"There is no such thing as an intellectual or artistic recession," RoseLee Goldberg declared this afternoon, sounding a defiantly optimistic tone as she detailed plans for Performa 09, the third edition of the performance art biennial, which runs through the first three weeks of November.
The scrappy series of events she engineered in 2005 has grown to become a genuine New York institution, and the goal this year is to "seal its place in the landscape," said Goldberg, Performa's founding director. History was on her mind, and she prefaced her plans with a reading from the Futurist Manifesto, that foundational text of performance art, which is 100 years old this year.
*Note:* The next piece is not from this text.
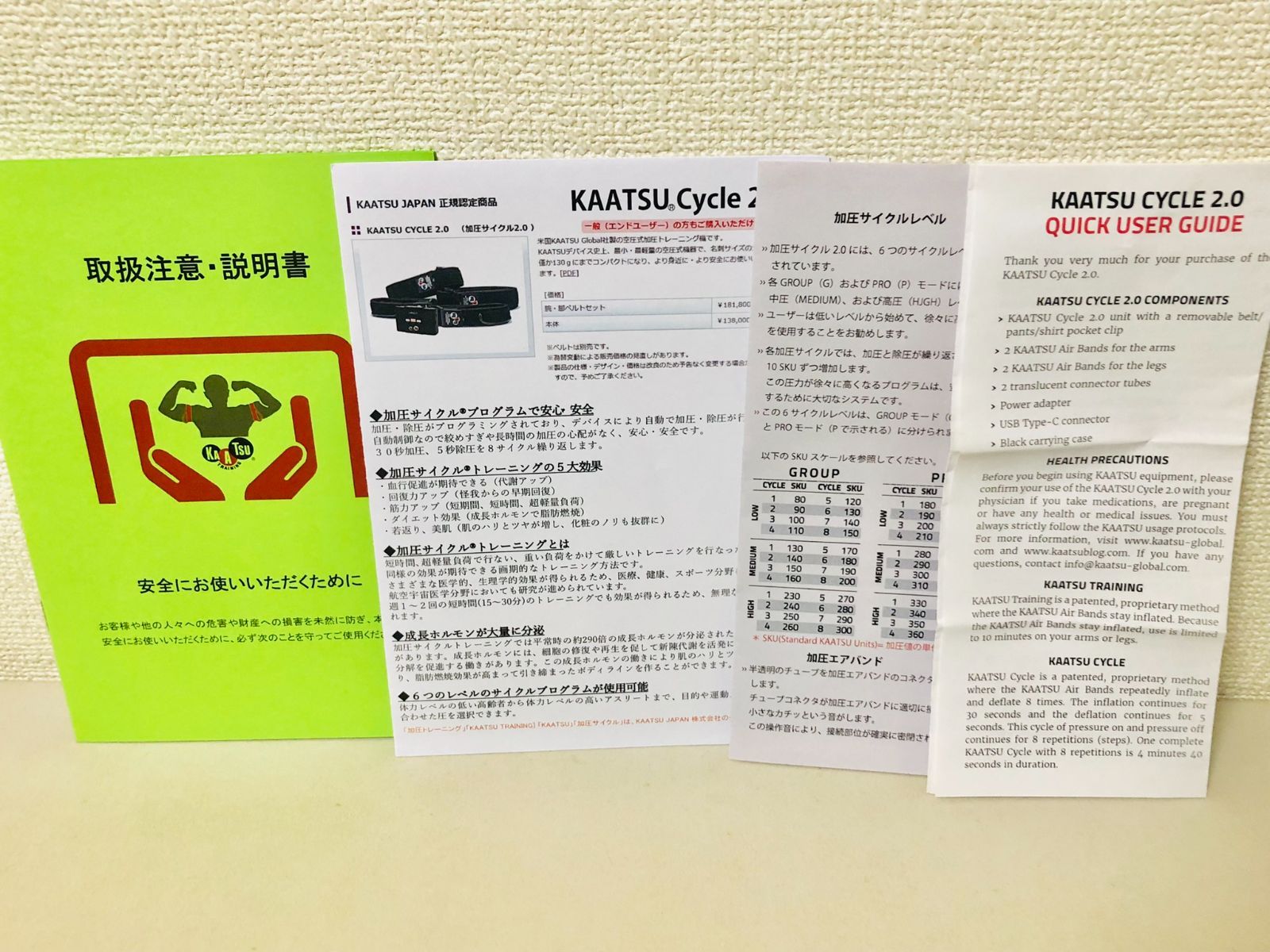 加圧サイクル2.0 KAATSU CYCLE Mサイズ 加圧トレーニング - メルカリ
"Museums are cemeteries," she began, choosing an excerpt of Filippo Marinettis pronouncement that seems dangerous at a time when even the redoubtable Metropolitan is laying off staff. But it was also an honest selection. Museums are being forced to rethink the way they operate, and Performa 09 — filled with ambitious collaborative projects that span disciplines and can be seen at institutions including P.S.1, the Studio Museum Harlem, and Cooper Union — may provide some ideas.
First there was the big financial news: The budget increased 10 percent this year to $1.5 million, thanks in large part to a grant from the Rockefeller Foundations NYC Cultural Innovation Fund. Half of that $1.5 million will go to artists and production costs, of which there appear to be plenty. Goldberg and her team have picked 11 new "Performa Commissions" and initiated a "Performa Premieres" program, which will provide New York debuts for six pieces.
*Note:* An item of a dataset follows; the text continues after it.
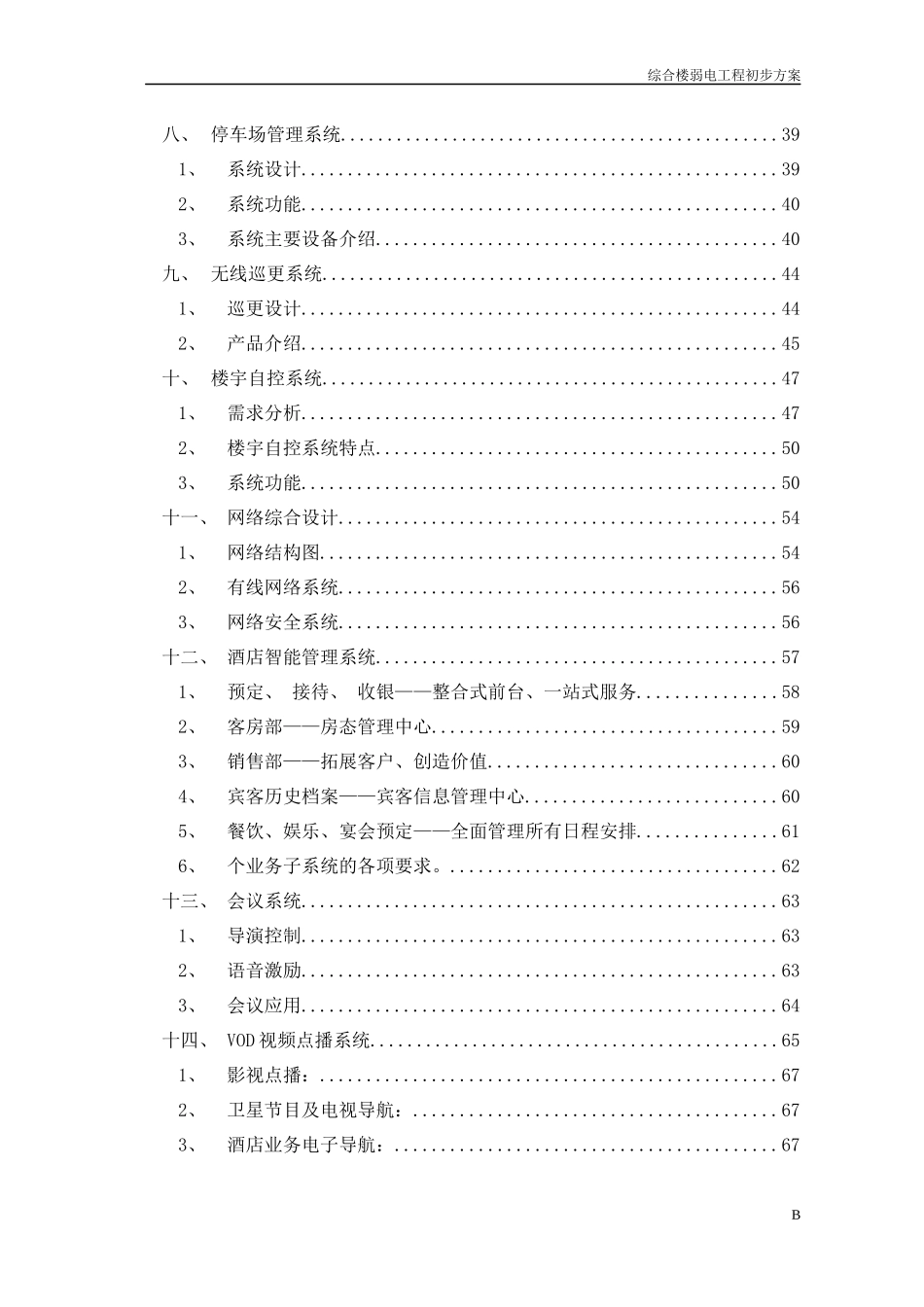 综合楼弱电工程方案_第2页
Jennifer Rubell will inaugurate the event at the XInitiative space in Chelsea with a sumptuous feast, offering 2,000 pounds of ribs, 250 pots of vegetables, 100 banquet tables, edible sculptures, and a liquor elevator for the art masses. The roster of artists this year also includes Mike Kelley, Wangechi Mutu, Arto Lindsay, Tacita Dean, William Kentridge, Joan Jonas, and a host of others, many entirely new to the performance art field.
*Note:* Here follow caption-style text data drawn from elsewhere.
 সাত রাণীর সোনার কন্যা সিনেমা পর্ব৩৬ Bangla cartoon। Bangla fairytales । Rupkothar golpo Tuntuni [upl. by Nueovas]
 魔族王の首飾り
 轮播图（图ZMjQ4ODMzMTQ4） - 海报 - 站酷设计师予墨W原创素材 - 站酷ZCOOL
Performance art’s power is often linked to its power to surprise, so it's not surprising that the details available for some of the events were still sketchy. Introducing a piece by Dominique Gonzalez-Foerster and Ari Benjamin-Meyer, Goldberg showed photographs of Katz’s Deli down on Houston Street and of a seat in a New York theater (which she refused to name), and mentioned a live orchestra performance. The artists would reveal the connection, she explained.
"We want to give you clues, seduce you, and put a little taste in your mouth," she said. "You will just have to trust us."